THE TASK =
Only the lines from the one with "Kids Rib Knit Turtle Neck Sweater Bright Pink 1" through the end of the material are wanted, copied exactly and with the pictures left out.

DATA SHOWN =
<<<<

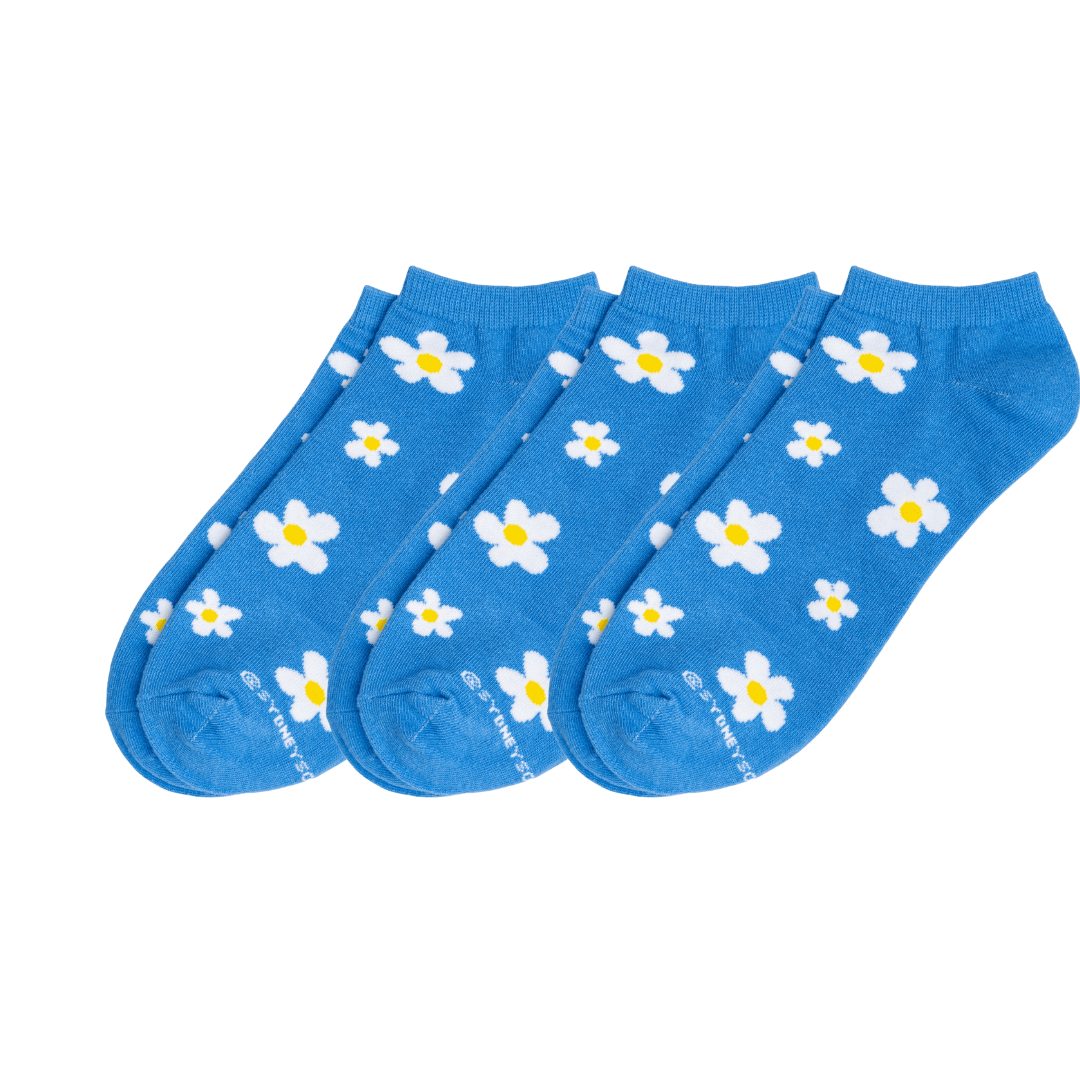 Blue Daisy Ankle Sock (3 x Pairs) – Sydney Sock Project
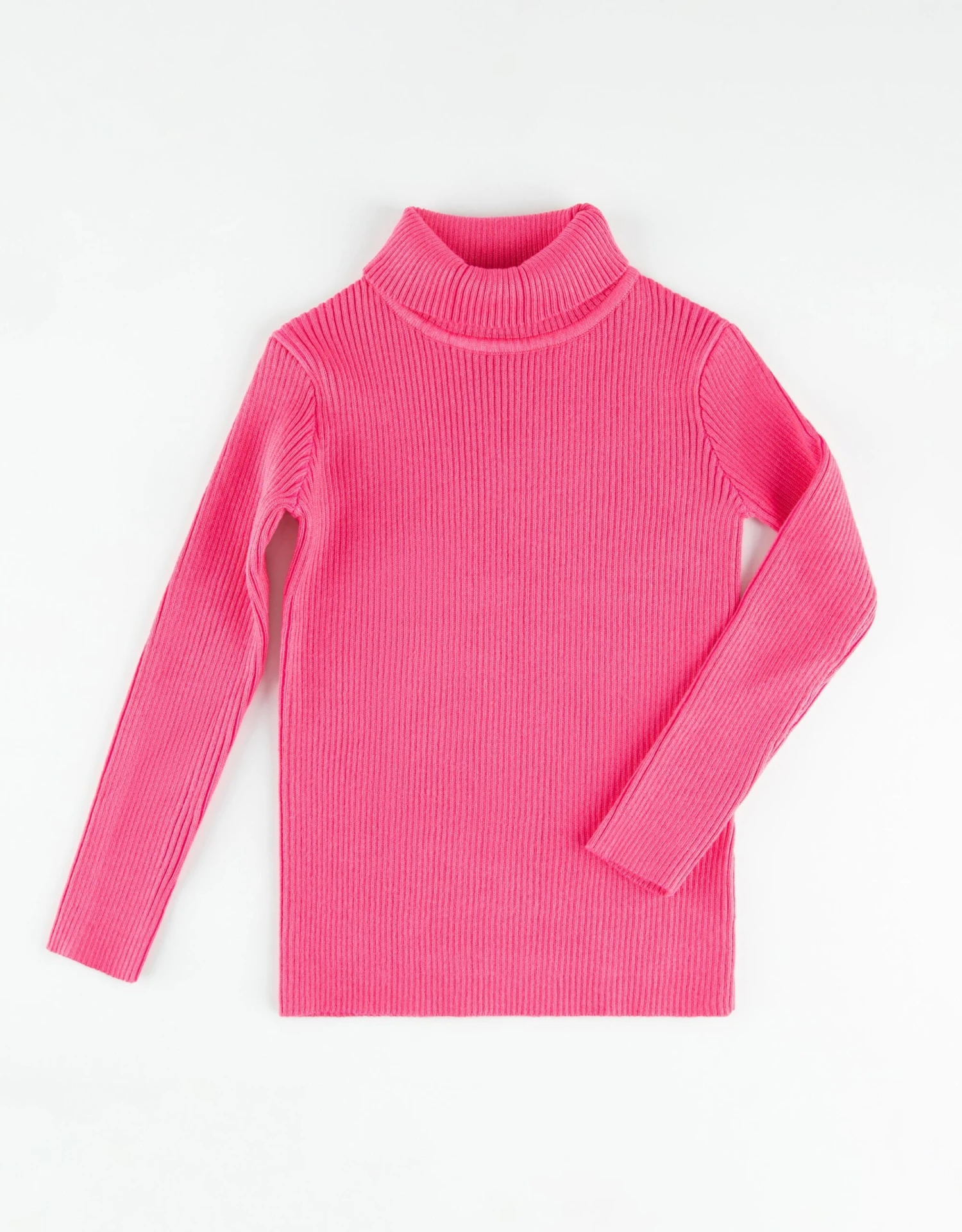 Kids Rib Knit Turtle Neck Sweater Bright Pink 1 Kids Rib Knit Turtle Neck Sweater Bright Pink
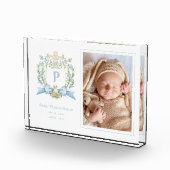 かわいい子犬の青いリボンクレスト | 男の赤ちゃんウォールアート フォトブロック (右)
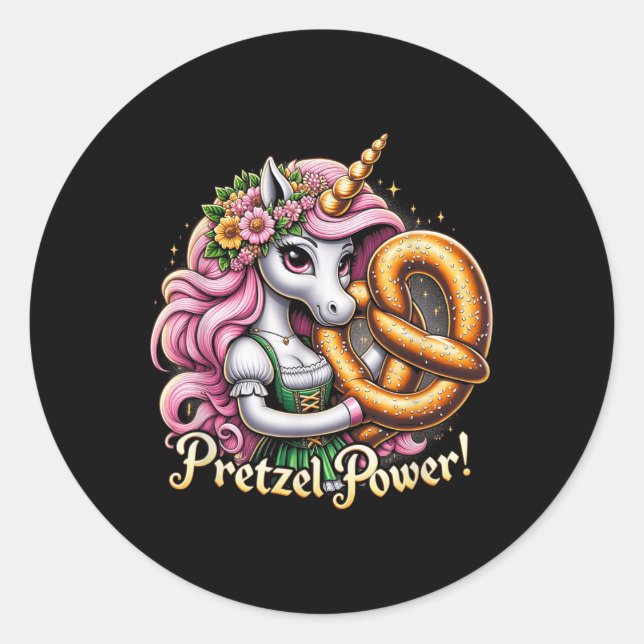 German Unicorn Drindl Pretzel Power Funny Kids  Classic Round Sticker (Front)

>>>>

WRITTEN ANSWER =
 Kids Rib Knit Turtle Neck Sweater Bright Pink 1 Kids Rib Knit Turtle Neck Sweater Bright Pink
 かわいい子犬の青いリボンクレスト | 男の赤ちゃんウォールアート フォトブロック (右)
 German Unicorn Drindl Pretzel Power Funny Kids  Classic Round Sticker (Front)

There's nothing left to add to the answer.